Fenimore Cooper greatly influenced the French novelist Eugène Sue, his naval experiences supplying much of the material for Sue's first novels, Kernock le pirate, Atar-Gull, the "widely admired" La Salamandre, La Coucaratcha, and others, which were composed at the height of the Romantic movement. The more famous French novelist Alexandre Dumas "made no secret of his admiration for Cooper" and wrote Le Capitaine Paul as a sequel to Cooper's Pilot.
Another French novelist who had a seafarer background was Edouard Corbière, the author of numerous maritime novels, including Les Pilotes de l'Iroise, and Le Négrier, aventures de mer,.

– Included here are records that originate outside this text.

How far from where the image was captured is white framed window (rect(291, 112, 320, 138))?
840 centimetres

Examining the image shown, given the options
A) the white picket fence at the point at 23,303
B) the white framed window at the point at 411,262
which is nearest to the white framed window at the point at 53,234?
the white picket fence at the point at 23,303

In Britain, the genesis of a nautical fiction tradition is often attributed to Frederick Marryat. Marryat's career as a novelist stretched from 1829 until his death in 1848, with many of his works set at sea, including Mr Midshipman Easy. Adapting Cooper's approach to fiction, Marryat's sea novels also reflected his own experience in the Royal Navy during the Napoleonic Wars, in part under the command of Thomas Cochrane—who would also later inspire Patrick O'Brian's character Jack Aubrey. Thematically, Marryat focuses on ideas of heroism, proper action of officers, and reforms within the culture of the navy. His literary works form part of a larger British cultural examination of maritime service during the early part of the 19th century, where subjects such as naval discipline and naval funding were in widespread public debate. Peck describes Marryat's novels as consistent in their core thematic focuses on masculinity and the contemporary naval culture, and in doing so, he suggests, they provide reflection on "a complex historical moment in which author, in his clumsy way, engages with rapid change in Britain." Marryat's novels encouraged the writing of other novels by veterans of the Napoleonic Wars during the 1830s, like M. H. Baker, Captain Chamier, Captain Glascock, Edward Howard, and William J. Neale; these authors frequently both reflect on and defend the public image of the navy. Novels by these authors highlight a more conservative and supportive view of the navy, unlike texts from those interested in reforming the navy, like Nautical Economy; or forecastle recollections of events during the last war, which were critical of naval disciplinary practices, during a period when public debates ensued around various social and political reform movements. However, Marryat's novels tend to be treated as unique in this regard; Peck argues that Marryat's novels, though in part supportive of the navy, also highlight a "disturbing dimension" thereof.